It has been unexpectedly found that improved waterfastness, and excellent wet adhesion properties on gelatin coatings can be achieved when pigmented ink images printed on said coatings are overcoated with a solution containing hardeners such as aldehydes, blocked aldehydes, active olefins and blocked active olefins. Most preferred are glyoxal, DHD, and formaldehyde, all at concentrations ranging from about 0.10 to 5.0 wt %.

The present invention is better illustrated by the following examples:

Comparative Example A. (w/o hardener)
Mill Grind
Polymeric beads, mean diameter of 50 μm (milling 325.0 g
media)
Bis(phthalocyanylalumino)tetra-Phenyldisiloxane (cyan  35.0 g
pigment) Manufactured by Eastman Kodak
Oleoyl methyl taurine, (OMT) sodium salt  17.5 g
Deionized water 197.5 g
Proxel GXL ™ (biocide from Zeneca)  0.2 g

The above components were milled using a high energy media mill manufactured by Morehouse-Cowles Hochmeyer. The mill was run for 8 hours at room temperature. An aliquot of the above dispersion to yield 1.0 g pigment was mixed with 8.0 g diethylene glycol, and additional deionized water for a total of 50.0 g. This ink was filtered through 3-μm filter and introduced into an empty Hewlett-Packard 51626A print cartridge. Images were made with a Hewlett-Packard DeskJet™ 540 printer on medium weight resin coated paper containing an imaging layer.

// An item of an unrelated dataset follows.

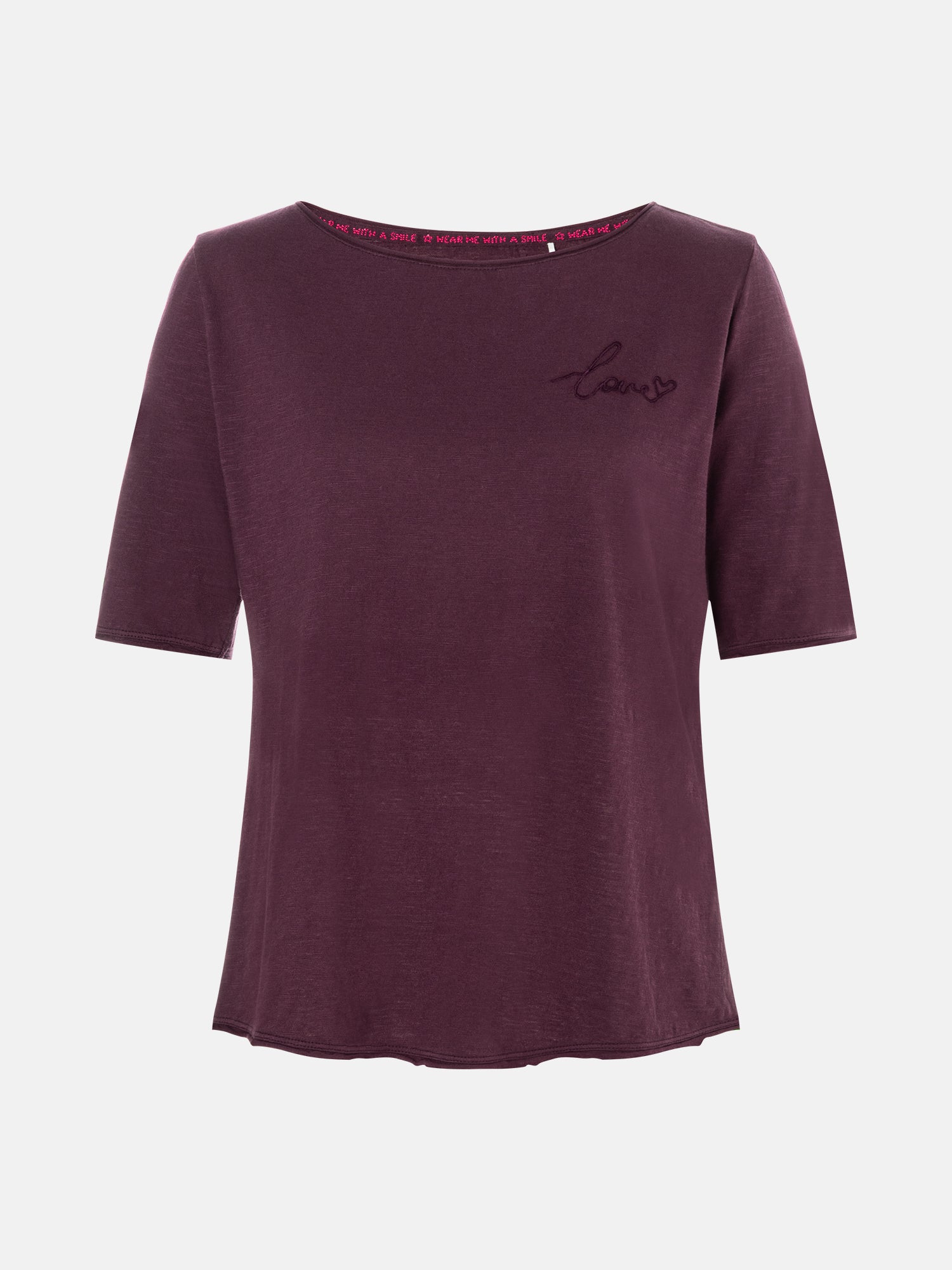 Lieblingsstück CandiceEP T-Shirt mit Elasthan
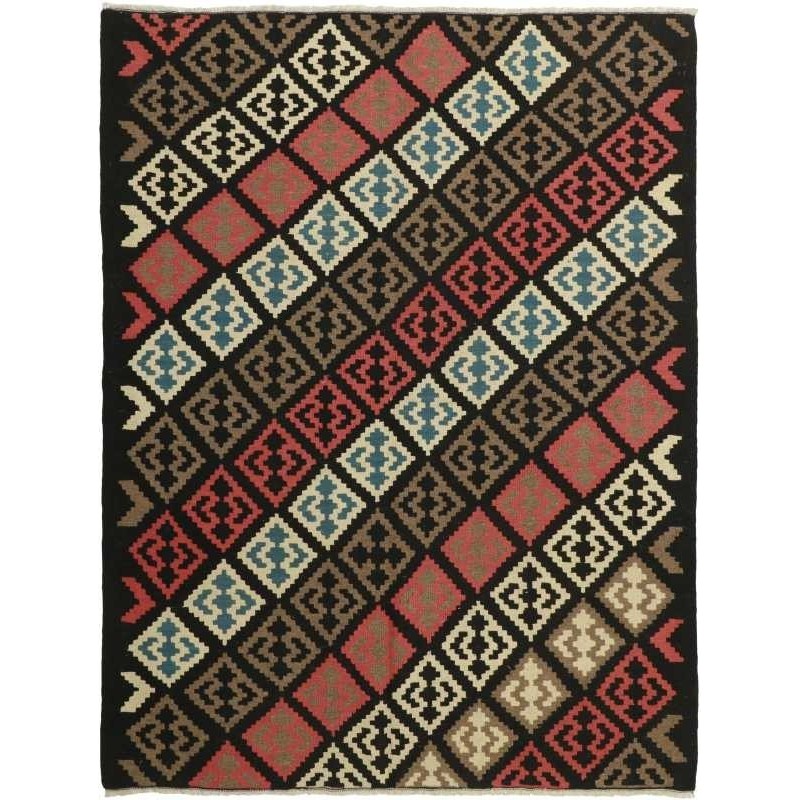 tappeto persia kelim cm 178x235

The resin coated paper stock had been previously treated with a corona discharge treatment (CDT) and coated with an imaging layer consisting of about 800 mg/ft2 of gelatin. Poor waterfastness and wet adhesion was observed in the Dmax areas. In the low density patches (about 0.50), and with narrow lines (˜{fraction (1/32)}nd of an inch) the pigmented ink image floated to the surface immediately when immersed in distilled water.

Comparative Example B (w/o hardener)

An ink was prepared in a similar manner as described in Comparative Example A. except, the cyan pigment was replaced with 1.45 g of a quinacridone magenta pigment (red pigment 122) from Sun Chemical Co. The ink was printed as in Comparative Example A and poor waterfastness and wet adhesion were observed.

EXAMPLE 1

An ink was prepared in the same manner as that described in Comparative Example A. This ink was printed on resin coated paper stock which had been previously treated with a corona discharge treatment(CDT) and coated with an imaging layer consisting of about 800 mg/ft2 of gelatin.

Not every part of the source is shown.